Post-Mufti Kashmir

Published January 23, 2016
The writer is an author and a lawyer based in Mumbai.
The writer is an author and a lawyer based in Mumbai.

THE president of the People’s Democratic Party (PDP) Mehbooba Mufti Sayeed, deserves sympathy in her bereavement, on the death of her father chief minister Mufti Mohammed Sayeed.

He owed his office to her exertions over a decade ago. Mufti had a poor reputation in Indian Kashmir.

The PDP was set up with the centre’s backing. In 2002, it formed a coalition with the Congress. Mufti became chief minister at the head of a liberal regime promising “a healing touch”.


The PDP-BJP coalition submitted to the BJP’s demands.


In 2008, Mehbooba withdrew support and the government fell. Omar Abdullah’s tenure as chief minister was marked by arrogance and incompetence. He headed a coalition with the Congress. The 2014 elections returned a communally, regionally divided mandate — PDP 28, BJP 25, National Conference 15, Congress 12 and three independents in an assembly of 87. The CPM, the PDF, Congress and Sheikh Abdur Rashid declared their support for the PDP to keep the BJP out.

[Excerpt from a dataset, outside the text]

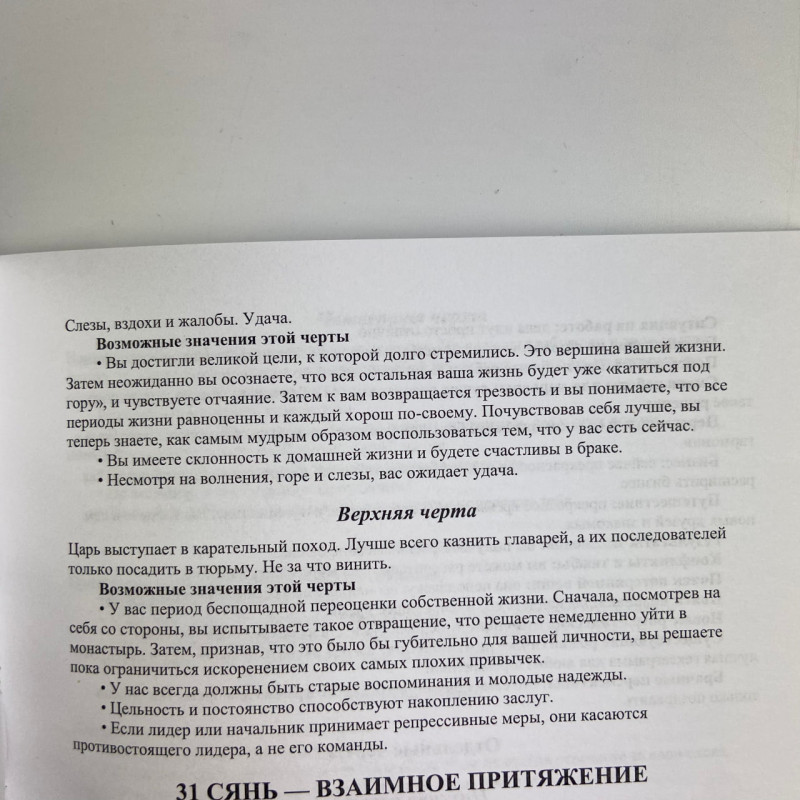 Книга гадания по Ицзину (Ицзин) Практическое пособие для начинающих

This added up to 43. One short of an absolute majority, it yielded a workable minority government.

The former RAW chief A.S. Dulat revealed that Mufti was in touch with the BJP to forge a coalition even before the poll results were out. It took two months for him to draw up an ‘agenda of an alliance’. It was kept secret till Mufti assumed office in March 2015 for good reason.

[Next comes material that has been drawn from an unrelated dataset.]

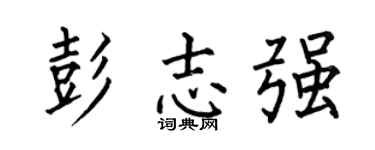 何伯昌彭志強楷書個性簽名怎么寫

It reflected Mufti’s betrayal of Kashmir’s aspirations. It directly contradicted the PDP’s manifesto pompously called ‘an aspirational agenda’.

In the 10 months it has been in office the PDP-BJP coalition submitted to the BJP’s demands — revocation of an order on the display of the Indian Kashmir flag which is recognised by its constitution; boycott by BJP ministers to participate in the July 13 Martyrs’ Day function to pay homage to the 21 Kashmiris killed by the forces of the Dogra ruler in 1931.

This exposed the deep rift. The BJP leader Ravinder Rana said, “July 13 was a black day in Kashmir’s history when some goons revolted against the rule of Maharaja Hari Singh.” Muslims in the Valley loathe him; BJP men in Jammu adore him.

In September, a division bench of the high court at Jammu comprising justices Dhiraj Singh Thakur and Janak Raj Kotwal ordered the police to enforce a law from the ruler’s time banning cow slaughter. Another bench issued notice to the government to show cause why the law should not be struck down.

A bill to repeal the law was deftly sidetracked by the PDP and NC and by the speaker who is a Rashtriya Swayamsevak Sangh man. The Supreme Court requested the chief justice of the high court to constitute a larger bench.

In December came a historic ruling by Justice Hasnain Mir of the high court mandating display of the flag, questioning an amendment of the Kashmir constitution in 1965, which replaced the Sadr-i-Riyasat with the governor, and declaring that Article 370 of India’s constitution, which supposedly guarantees Kashmir’s autonomy, cannot be abrogated. A larger bench stayed his order.

But the pass was sold by Mufti himself. His manifesto envisaged use of Article 370 “to restore” the original special status. The alliance document treats Article 370 as a dirty word and says “the present position will be maintained”; the husk of Article 370 is a result of 47 orders under it to destroy Kashmir’s special status.

Mehbooba herself was privy to the deal. The PDP’s support base shrank. The money which it expected from the centre was not forthcoming. Modi snubbed Mufti at a public rally in Sri­nagar in November when he urged Indo-Pak talks. He did not call on the ailing chief minister in New Delhi nor visited Kashmir after his death. Sonia Gandhi did both.

In mourning, Mehbooba refused to be sworn in on Jan 7. Governor’s rule was imposed. The BJP said that it was for the PDP to make the call. A PDP minister Naeem Akhtar said: “The agenda of the alliance has not been followed.” A belated discovery by this enthusiast. “What about returning power projects and smart cities?”

He gave himself away when he said, “The two parties had agreed to address non-controversial issues jointly” — return of power projects and the like — “but we need to assess the progress on these fronts.” He does not realise that his people have a soul. They aspire for self-rule on which the PDP betrayed them — as had the NC and the Congress. The PDP sought a sop, using an alliance with the Congress as a threat. The BJP refused to give any.

Recently, the PDP authorised Mehbooba “to take the final call on government formation”. Significantly, Naeem Akhtar called the alliance document sacred.

The writer is an author and a lawyer based in Mumbai.